(Mevlana
Hazretleri Mevleviliği anlatıyor)
40.
Sopa (Dayanılan yardımcı) düşüncedir, aşkınsa
düşüncesi yoktur;
Sopa
aklın malıdır, yani ben körüm (Olguları sezme ve kavrama yetim, dikkatim yok) der.
Can
(Güç ve dirilik), bir işarete (Anlamlı ize) bakmada, her an ağlayıp (Üzüntü, acı, sevinç, pişmanlık içinde) duruyor;
Yol
başına dikilmişim, bir evet (Olur, peki) sözünü
bekliyorum.
Bu
elden (Yerden, yöreden) değilim ben, garibim (Gurbette yaşayanım) ben, garip (Kimsesiz, zavallı halde olan biriyim);
Mademki
burada huzurum-kararım yok, elbette bir ildenim (Bir
yere aidim) ben.
A
âşıklar, yıldız gibi ateş kesilmişiz biz;
Hâsılı
(Sözün kısası) o Ay parçasının (Güneşten aldığı ışığı karanlıkta kalanlara yansıtanın)

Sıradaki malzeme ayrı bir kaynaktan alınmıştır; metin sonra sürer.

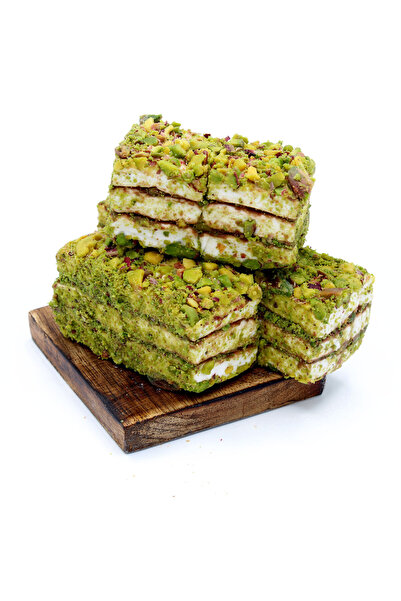 Yaşarbey حلوى كاتمر المصنوعة من الفستق المارديني الخاص 1000 جرام (علبة هدايا)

çevresinde bütün gece dönüp oynamadayız.
Güneş
(Kendisi ışık kaynağı olan) meydana çıkınca
yıldız kaçar gider (Görünmez olur);
Güneşimizin
yüzü yokken bil ki avareyiz (İşsiz, güçsüz, başıboş, aylak), serseriyiz (Tutarsız, beğenilmeyen davranışları olan, belli bir hedefi
olmayan, rastlantıyla yaşayan da) biz.
Haydin
a âşıklar, haydin a şu işe girişenler, burada işe yarar, iş başarır bir şarap (Tanrı şarabı) var, çünkü biz bu işin ehliyiz (Yetkilisi, ustaca yapanız).
Her
seher çağı güzeller peygamberinden şu haber gelir;
“Haydin
a çaresizler, âşıklara çareyiz biz”
Hepsinden
de Lebbeyk-lebbeyk (Buyurunuz, emredersiniz)
narası coşmuş;
Diyorlar
ki:
“
Mana mushafı (Sayfa haline getirilmiş görünerek okunacak
olan) sensin, bizim her birimizse otuz cüze (Bütünden
bölünmüş her biri olarak) bölünmüşüz.
Öldürülenlerin
kan pahası (Değeri, fiyatı), mademki onun kanlı
bakışıdır,
Kanlar
içen çocukcağız gibi biz de kendi kanımıza bulanmışız.
Tur
dağı bile onun şarabını içince kendinden geçti, kör-kütük sarhoş oldu;
Ne
demirden dağız biz, ne mermer kaya.
***
DİVAN-I
KEBİR 3 CİLT MEVLÂNÂ CELÂLEDDİN
Hazırlayan:
Abdulbaki GÖLPINARLI
KÜLTÜR
BAKANLIĞI YAYINLARI/1385
***
Neler
öğrendik;
1. Akıl ve düşüncenin dayanaklara bağlanmayı istediğinden
ve uygun gördüğünden insanı işlemez, yararlanılamaz duruma getirdiğini, böylece
kişinin önemini veya yeteneğini yitirme durumuna getirdiğini öğrendik.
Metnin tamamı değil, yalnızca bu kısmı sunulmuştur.